El problema radica no tanto en el modo de expresarse, como en la gestualidad que algunos adoptan. ¡Me aterra! Por ejemplo —todos los vemos diariamente—, debo confesar con pena que las muchachas son las especialistas de ese sistema de señales.
Se colocan las manos a la cintura, en la pose más zafia que nadie pudiera imaginar; si pretenden afirmar, mueven la cabeza de un lado a otro, como negando. Eso sí, es requisito indispensabilísimo que el rostro se contraiga en una mueca espantosa, que la boca quede semiabierta, las fosas nasales dilatadas igual que un toro en el ruedo. ¡Ah!, la mirada tiene que ser de superioridad —recorren de arriba abajo al interlocutor—, y el cuerpo entero se balancea al compás de una melodía, solo percibida por ellas mismas. Mientras todo eso se está realizando, la palabra «¡Vaya!» se escucha varias veces, siempre en diferentes tonos. Dan una palmada, y echan inmediatamente, los brazos hacia atrás, con movimiento espasmódico de hombros.
Se transforman en monstruos. Estoy convencida de que el día que se vean en un espejo, quedarán horrorizadas y jamás volverán a repetir semejante coreografía.
Si se trata de que alguien las ha ofendido, o quieren hacerse respetar —eso dicen— amenazan con las mismas fórmulas aprendidas y practicadas: «Porque yo sí que no», «porque a mí sí que...» Y después, una larga enumeración de palabras innombrables.

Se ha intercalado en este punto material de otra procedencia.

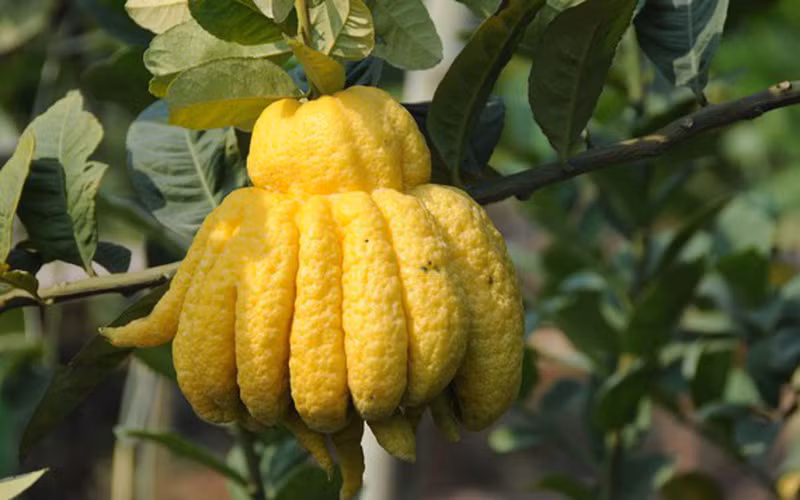  Rễ, thân và lá của cây phật thủ có tác dụng giảm đáng kể đối với bệnh viêm phế quản và hen suyễn. Thường dùng phật thủ cũng có thể kéo dài tuổi thọ.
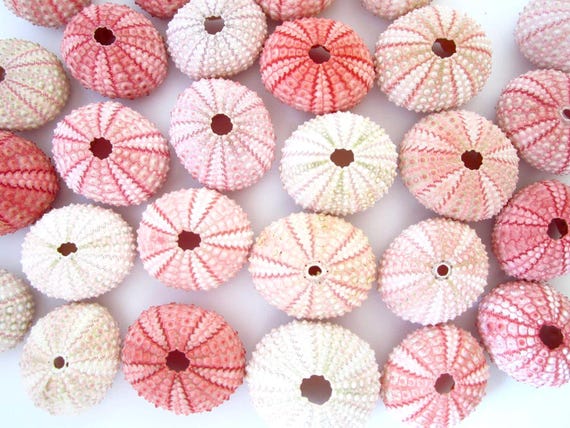 Pink Sea Urchins – 10 Piece Set, Beach Wedding Decor, Seashell Crafts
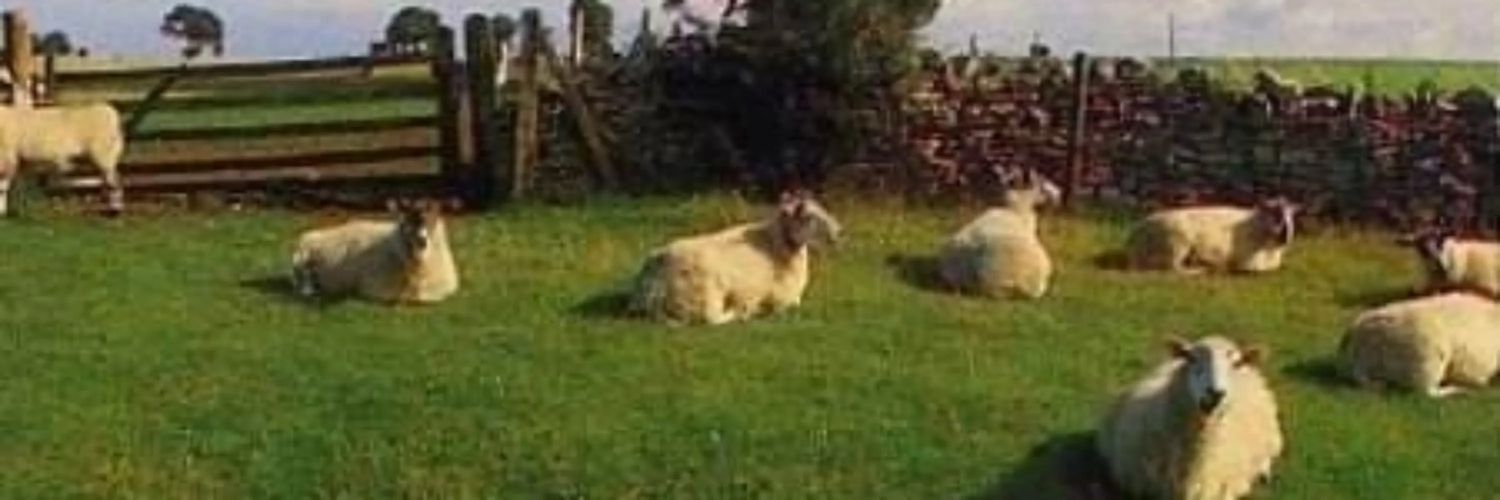 Ambient Sheep banner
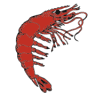 Océano Dorado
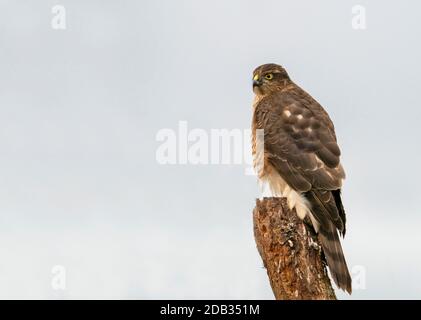 Une femelle sauvage Eurasion Sparrowhawk (Accipiter nisus) analyse son environnement pour trouver une proie potentielle, Warwickshire Banque D'Images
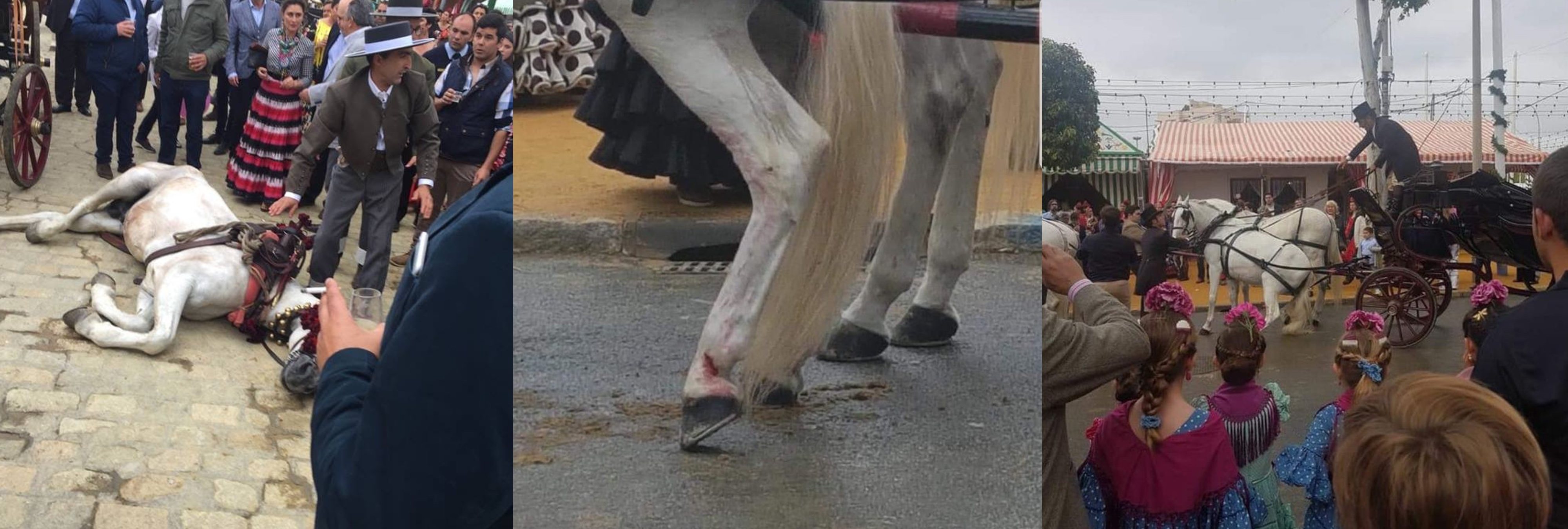 La Federación Andaluza de Defensa Animal denuncia el maltrato a caballos en la Feria de Abril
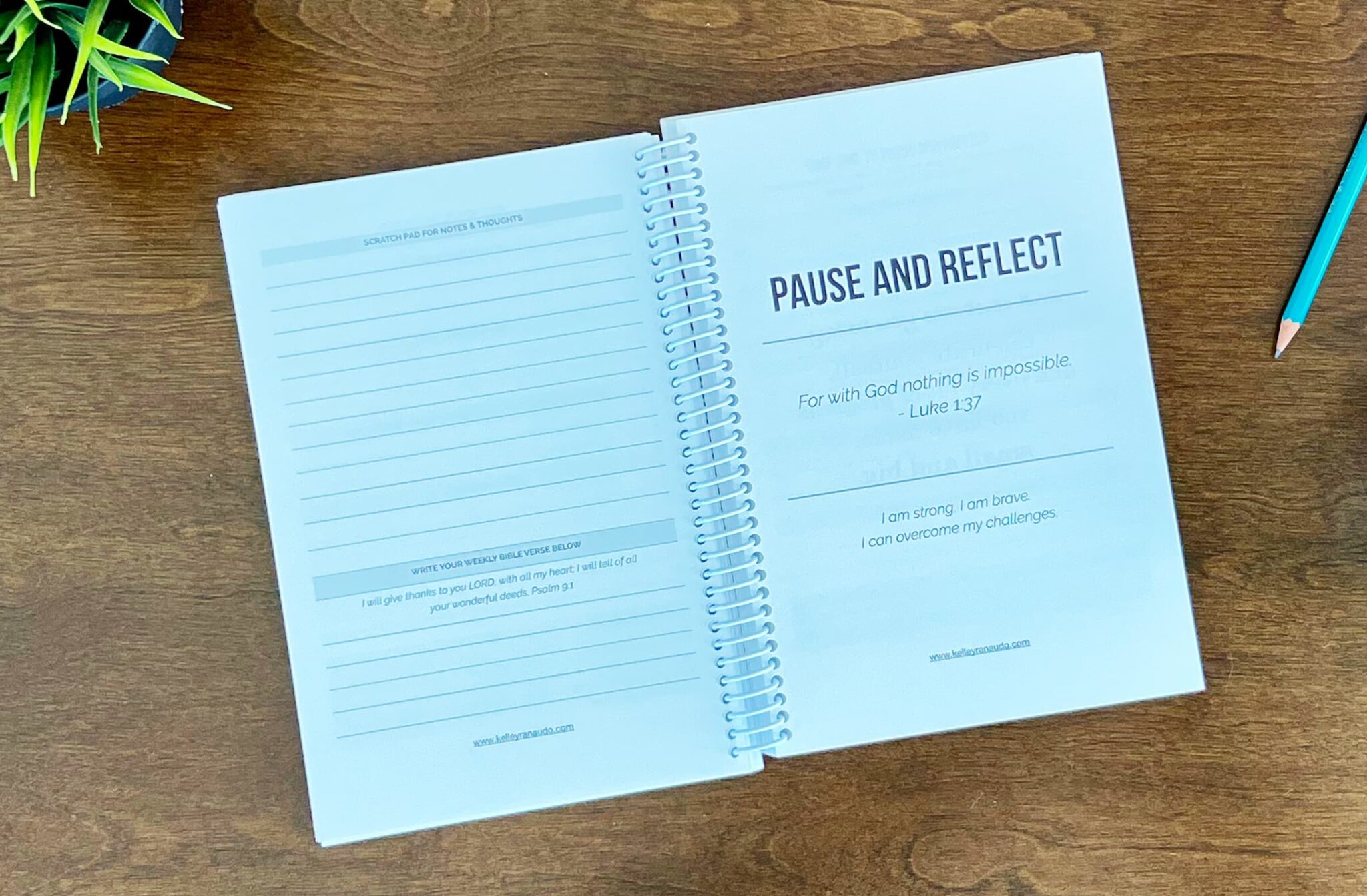 Activity log and assessments data sheets to help plan your week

¿Que yo no las he dicho nunca? Por supuesto que todos hemos echado mano a ese oculto arsenal. Nadie puede tirar la primera piedra; pero no abusemos de ellas, no las lancemos como serpentinas. Guardémoslas, pueden hacernos falta alguna vez. Entonces, con firmeza, en voz baja, sin escorzos ni convulsiones, contestemos el agravio. Alguien dijo de la lengua castellana, que era: «de viento recio en la ofensa». Y es verdad.